The point about science is this: It changes. Maybe someday, someone will read these words—these so-called facts—and chide, “They didn’t know anything back then.” I expect so.
Science isn’t the only thing in life that changes. The reason I’d signed up for this adventure started as a way to be in service, to give back to the place in which I live, to pick bull thistles. Then, as the adventure neared, and I discovered the blue moon would rise on our first night inside Haleakala, I got all excited about that. But I pretty much forgot about the blue moon by the time we started hiking down Kaupo Gap in the rain. There were just too many other things happening—blooming ahinahina, rare native birds, blackened toenails, and new friends. That is, the entirety of a new experience was forming—one complete with unexpected delights as well as challenges, discomforts and disappointments—and it was the combination of all these elements, not any one, that guaranteed the adventure would be one that stuck. There was no way this three-day adventure into Haleakala would fall into the abyss of forgotten memory.
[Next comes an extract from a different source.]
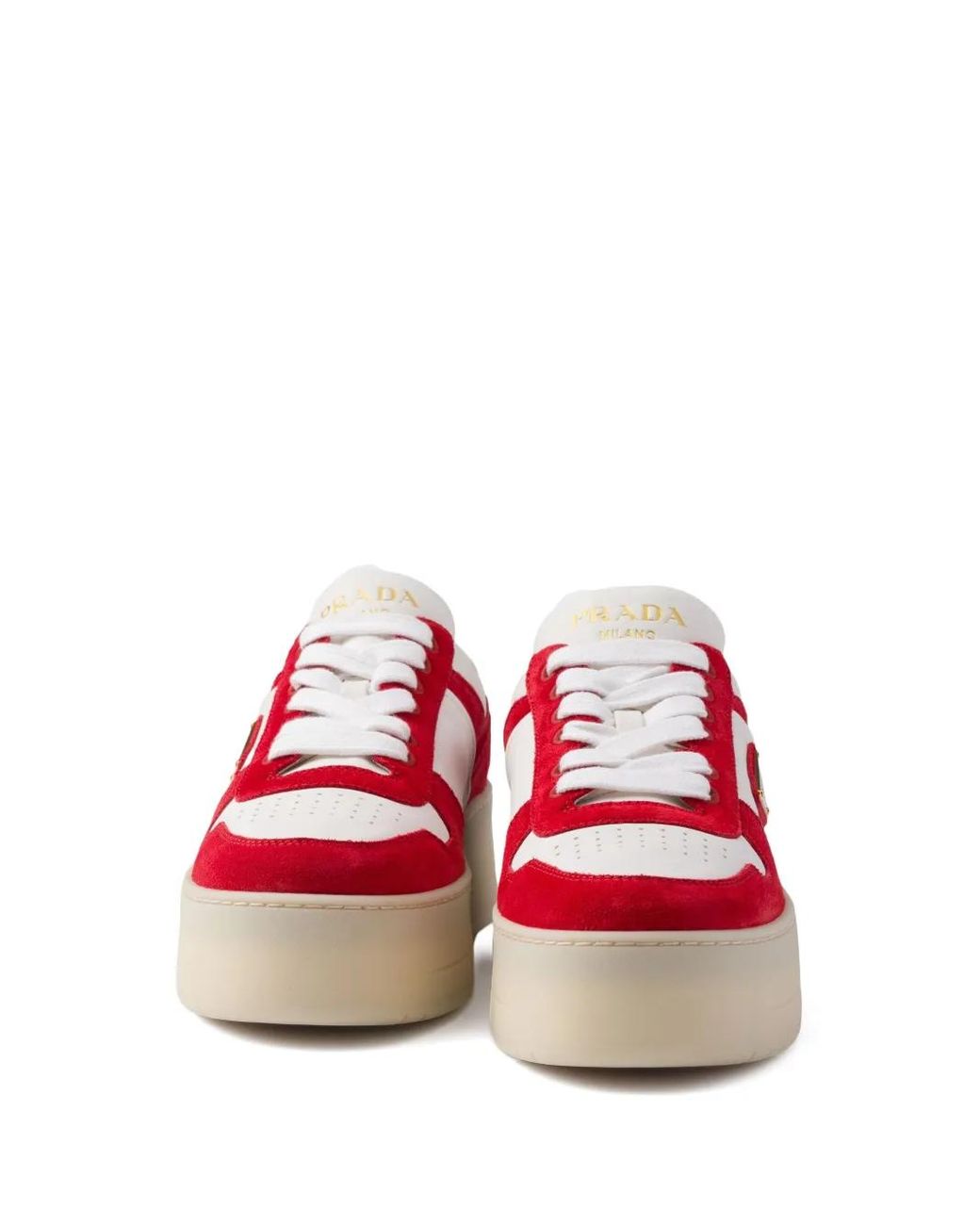 Prada Suede Platform Downtown Sneakers 50 in Red | Lyst UK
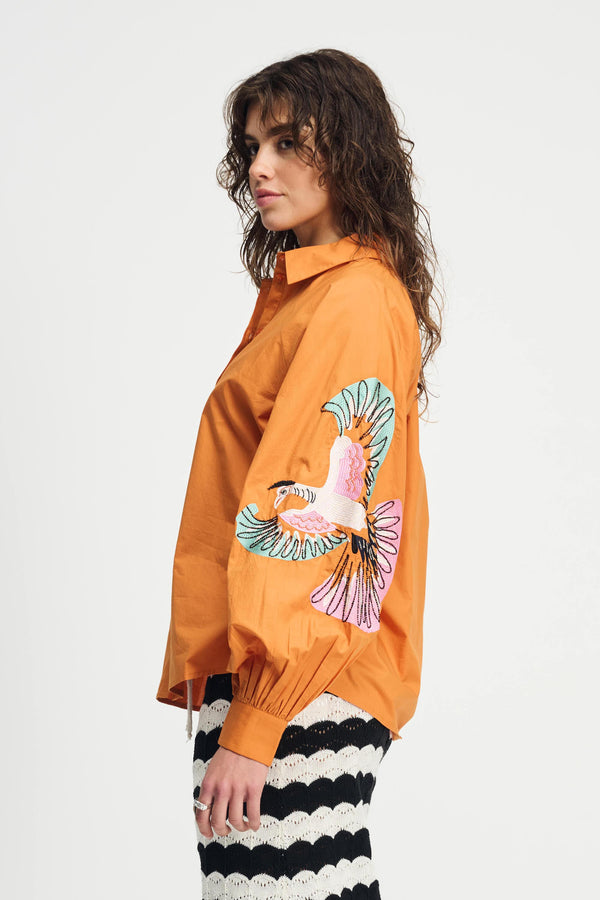 Pom Amsterdam BLOUSE Lexi Bird Sienna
Science. Expectations. We’re probably all familiar with changes in weather. The rain stopped about the time we hit the band of koa trees, under which we rested and ate lunch—peanut butter and jelly sandwich for me. I peeled off my rain jacket and pants. Soon, we would hit a fence, a park boundary, and our surroundings would change. We’d enter the dry forest zone, also known as a cattle ranch. The ranch owners are good friends of Haleakala National Park. They allow hikers access through their land to reach the park. However, there is a line drawn across the mountain—the fence—that illustrates without words how grazing changes a landscape. On one side, lush native forest; on the other vast open areas with a few big trees strewn across grassy fields. And cows. With a couple curious bulls thrown in to keep a hiker in step.